With pure frequency or narrow frequency-band signals from a fixed point source beam forming can be performed with a set of microphones so arranged in space that the sum of the microphone signals will have a maximum response at the source. Furthermore, by individually delaying the microphone signals the point of maximum response can be moved electronically.
If the point source emits a wide frequency-band signal such as a speech signal, the beam former must be able to delay a plurality of frequencies individually. This is called wide frequency-band beam forming, and signals from a certain location are allowed to pass the system, whereas signals outside that location are attenuated or even cancelled. A common way of achieving this is to use digital linear filters at each microphone signal.
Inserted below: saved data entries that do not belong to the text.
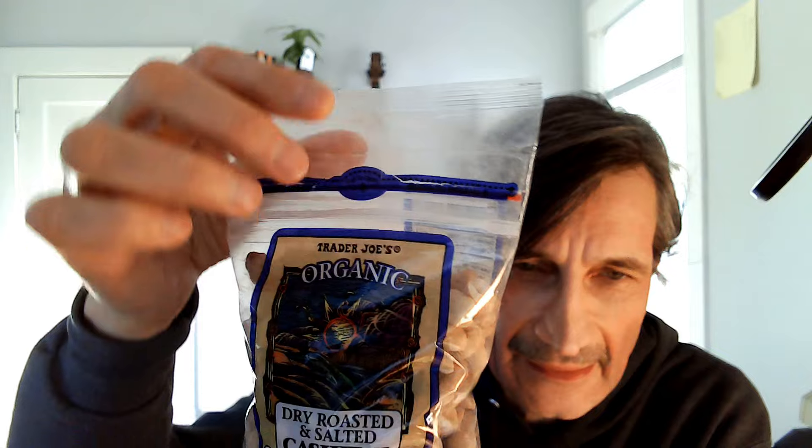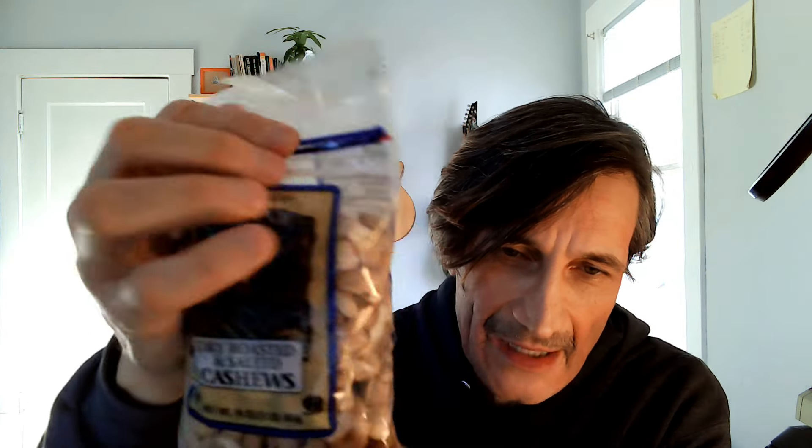Just in case you're having a problem with these Trader Joe ziplock nut bags — there's a ziplock about a quarter of the way down from the bag, and a lot of people just try and rip open the bag from the top. I wouldn't do that. Here's how you open it.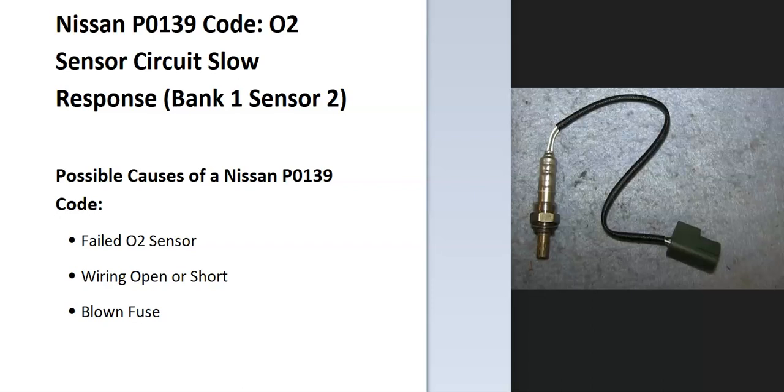Today I'm talking about a Nissan with the P0139 code — what it is and how you go about fixing it. So what is a Nissan P0139 code? It's an O2 sensor circuit slow response, Bank 1 sensor 2.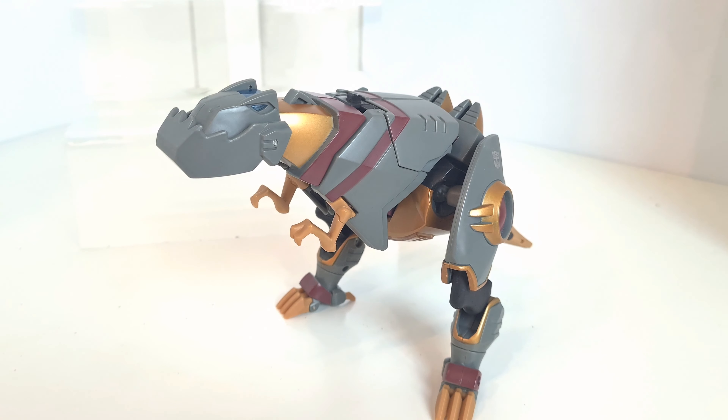Hi there, welcome back for another Transformers toy review. Carrying on the theme of doing things a little bit different, reviewing some old things that have been around for a while. I was going through my display, rearranging some things, and came across Grimlock from the Animated series and thought we'd take a look at him. I just wanted to share him because he's a pretty cool toy.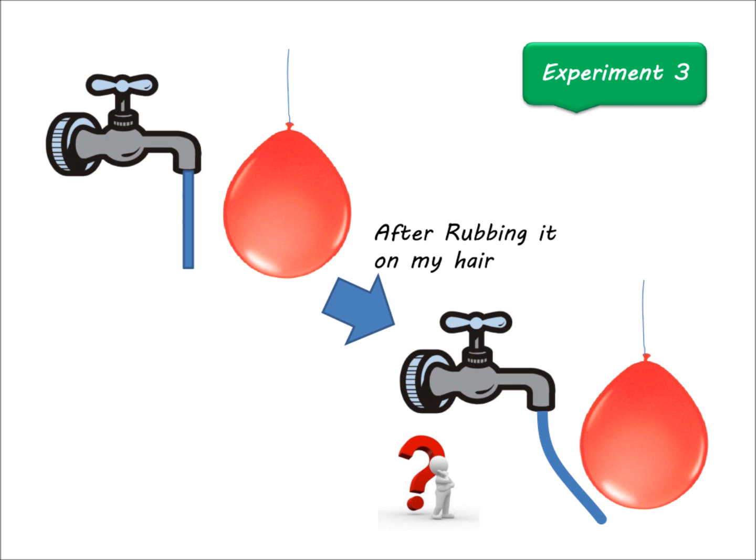Now let's go to the third experiment. First I'll remind you what happened, and then see if you can explain it yourself. We had a neutral balloon and brought it close to the stream of water, but nothing happened. But when I rubbed the balloon on my hair, it attracted the stream of water. By rubbing the balloon on my hair, it gets negative charges. When I bring it close to the stream of water, it pushes the negative charges away, and the side of water closest to the balloon has positive charges — so the stream of water follows the movement of the balloon. It's very simple.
In general, wide frequency-band beam forming methods make use of fundamental properties of the spatial and/or the temporal distribution of both the speech source and the noise sources in order to improve the speech signal quality. Roughly speaking, beam-forming methods are either fixed or adaptive. Fixed beam formers are fundamentally based on modelled assumptions on the speech signal and the noise field. Based on the assumed model optimal beam formers can be constructed. Optimal function is only guaranteed for perfect model matching. Adaptive beam formers are used to track variations and to compensate for model mismatch. Generally, adaptive beam formers are based on continuous estimates of spatial and statistical information contained in the received speech and noise signal. In general, they are more complex to implement and require complex computations.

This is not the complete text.